Selfhosted application hardening

TL:DR start here

When I first started my homelab journey, I didn’t think much about securing the services I was deploying. I was more concerned with getting the thing to work more than anything else. As I grew more confident wrangling the applications into doing what I wanted, I started to look for other areas I could improve my skills and the fruits of my labor.

Even though I’ve been interested in cybersecurity since early college, I hadn’t applied that part of my brain to the homelab part of my brain. I thought, “So what if I have holes poked in my firewall and HTTP servers on my LAN?” While I don’t think it’s the worst thing in the world, I thought it was hypocritical of me to be running services at home insecurely while technically being a cybersecurity professional. On top of that, it’d be a great opportunity to get more “real-world” experience (even if it is just at home).

Network structure

My homelab at the time of writing is pretty straightforward. OPNsense box, wireless AP, PiHole running DNS and DHCP, Proxmox server, a NAS, and a few Docker containers. Easy to manage and (theoretically) easy to rebuild when things go wrong.

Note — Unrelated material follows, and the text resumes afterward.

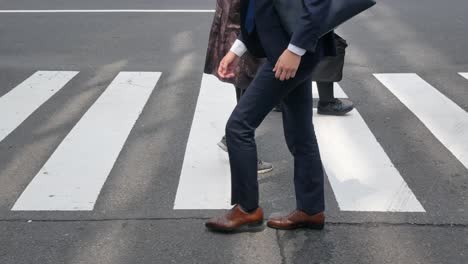 Landschaftsansicht-Der-Unteren-Ansicht-In-Die-Straßenkreuzung,-Während-Die-Menschen-Im-Sommer-Tagsüber-In-Shibuya,-Tokio,-Japan,-Die-Straße-überqueren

There are only a few machines in my lab and none of them have weird or unreliable software on them, so I don’t worry about updates breaking anything. This frees me to apply patches as soon as they’re available (with a quick Ansible playbook to save me some time), so patch management isn’t something I’ll focus on in this post. I’ve spent enough time in my professional life worrying about that.

Risk analysis

As mentioned in the intro, I’d done at least a bit of threat modeling with my homelab. Having a flat network with somewhat implicit trust is definitely a risk, but it’s something I tolerate for the moment. I’m more worried about getting dragged into mass scans on Shodan than an intelligent hacker hacking into a Docker container. My internal network may not be perfect, but I have some mitigations in place. I access everything over SSH and disable password authentication and I only use the 5ghz wireless band with reduced broadcast strength to limit the coverage area (and attack surface). Admittedly this doesn’t mitigate the damage of a server VM or container being compromised, but at that point I’m in over my head anyways.

Updated threat modeling

When I was first learning networking, I forwarded ports on my router to various services like a Minecraft server, iPerf3, and simple web servers. Never for an extended amount of time, but I’m sure they got picked up by scanners and were sent malicious traffic. When I realized the risks associated with running services open to the world, I limited my port forwarding to just my Plex server. Unfortunately, after seeing that Plex servers were being used in DDoS amplification attacks, I decided to not open the default port to the world. In order to maintain remote access to the server, I would have to open it up somehow, but some hardening (or at least obfuscation) would make me feel better.

Solution

I migrated my DNS provider from Namecheap to Cloudflare to give me access to their numerous security tools. I set up a tunnel from Cloudflare’s network to my own using their developer documentation. The benefits of this are that 1) Internet traffic sent through the tunnel is relayed from Cloudflare to my home network, which keeps my true IP address from being stored in a DNS record and 2) I don’t have to forward any ports from WAN → LAN since the tunnel goes through my firewall. I experimented with applying extra security policies like IP range blocking and enforcing email 2FA, but doesn’t fit my use case. Still neat.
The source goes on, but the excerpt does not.